# [Your instructions]
Copy the lines below exactly, starting at the one with "A cozy reading" and ending at the one with "Psychedelic Liquid Print Flat Ankle Boots", and leave out any picture.

# [Data]
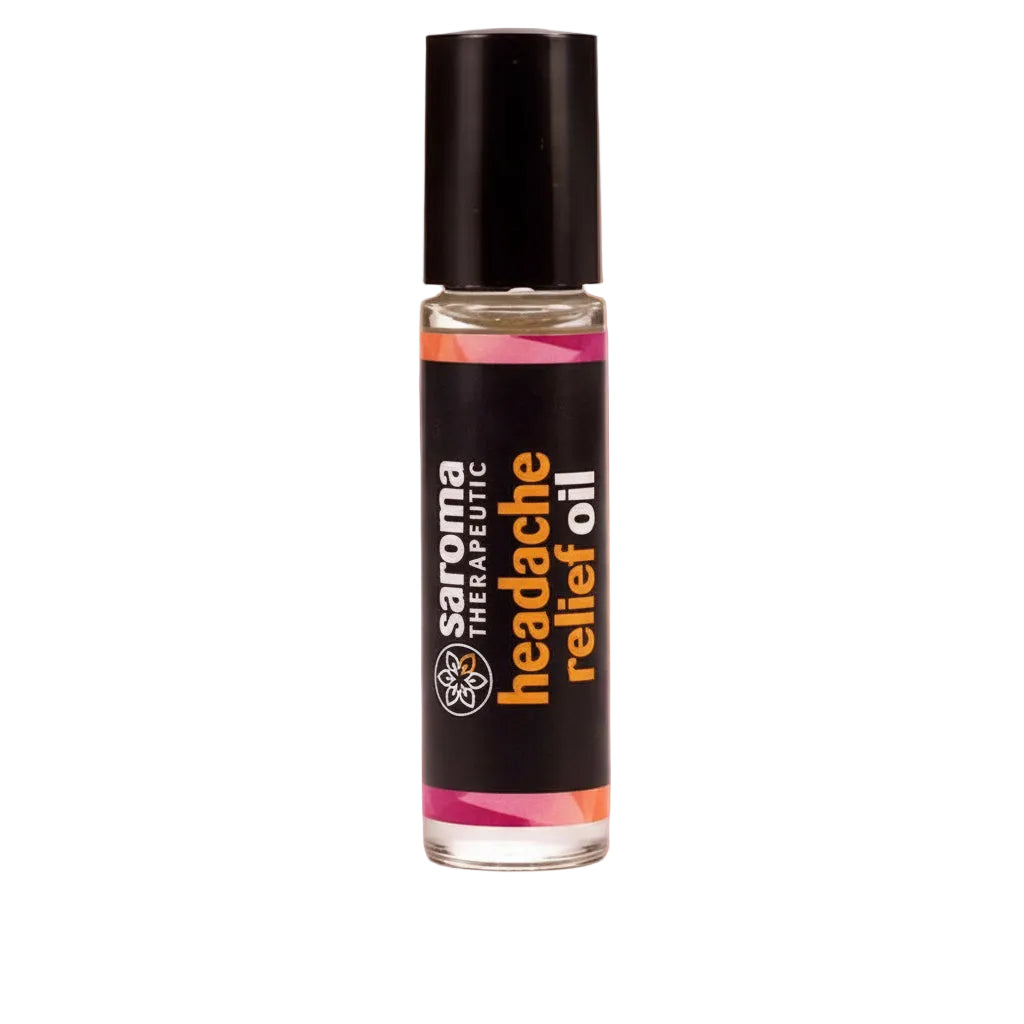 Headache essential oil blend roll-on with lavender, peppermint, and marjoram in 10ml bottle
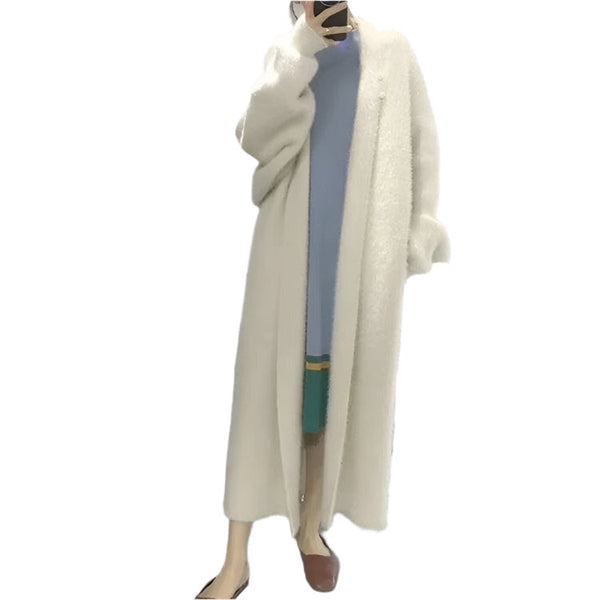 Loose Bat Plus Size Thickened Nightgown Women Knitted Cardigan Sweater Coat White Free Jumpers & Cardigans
* * *
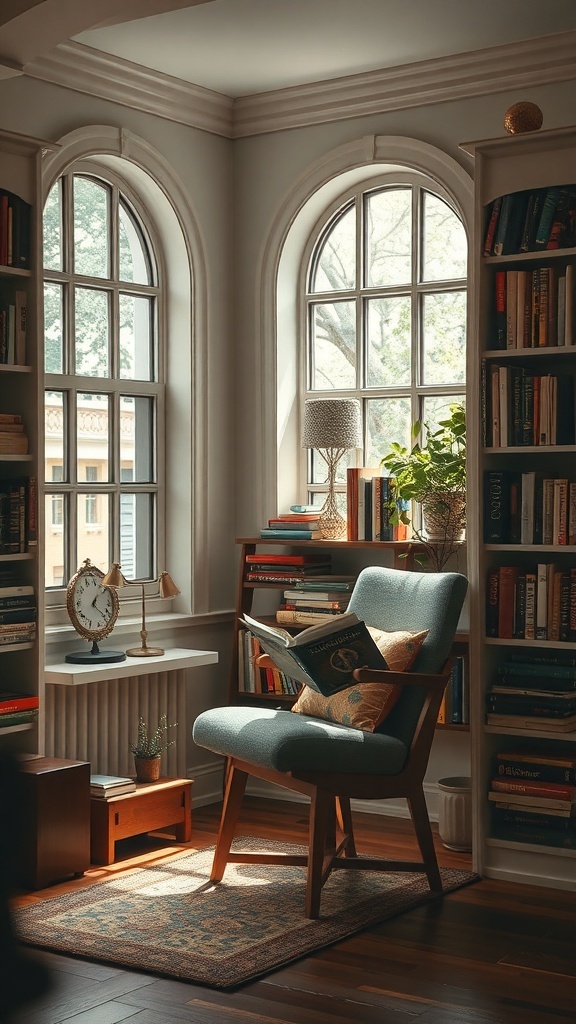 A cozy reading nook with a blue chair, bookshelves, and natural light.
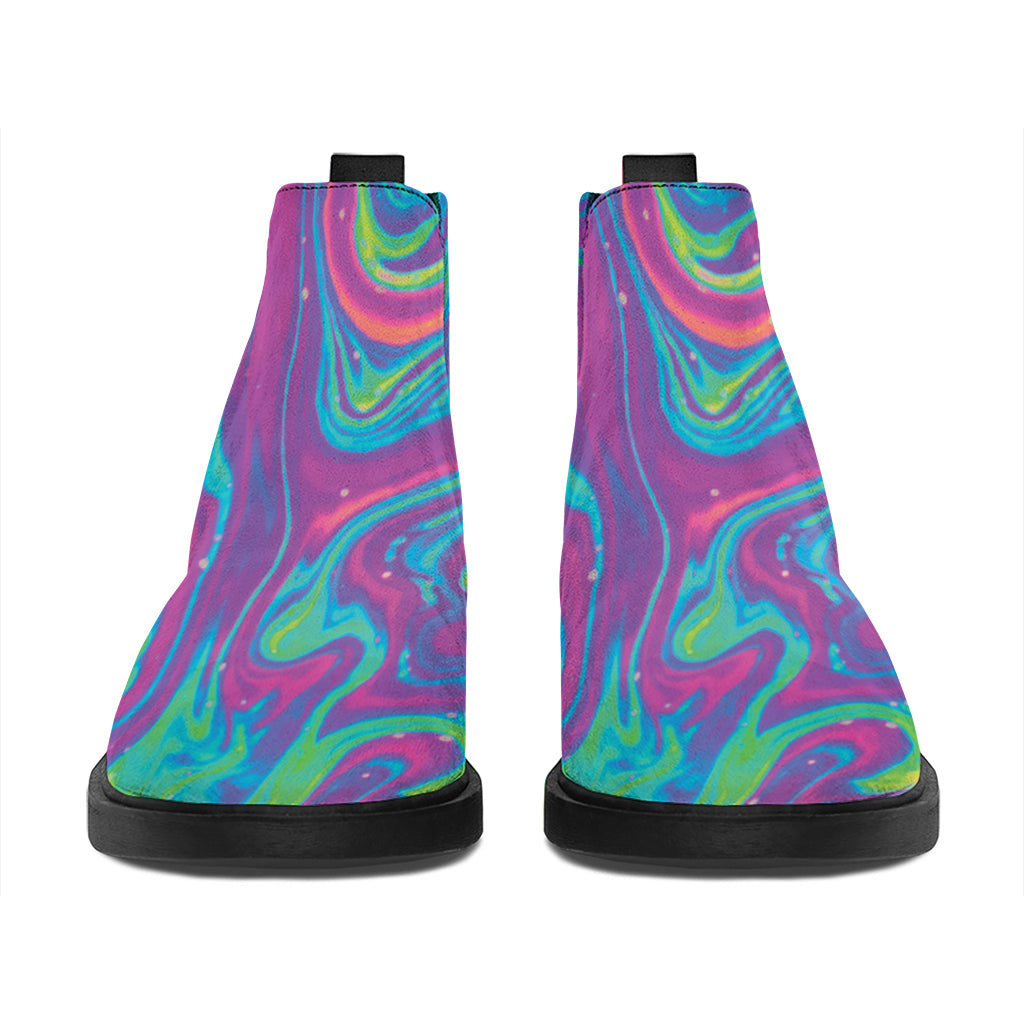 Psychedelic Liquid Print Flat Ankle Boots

# [Answer to the problem]
 A cozy reading nook with a blue chair, bookshelves, and natural light.
 Psychedelic Liquid Print Flat Ankle Boots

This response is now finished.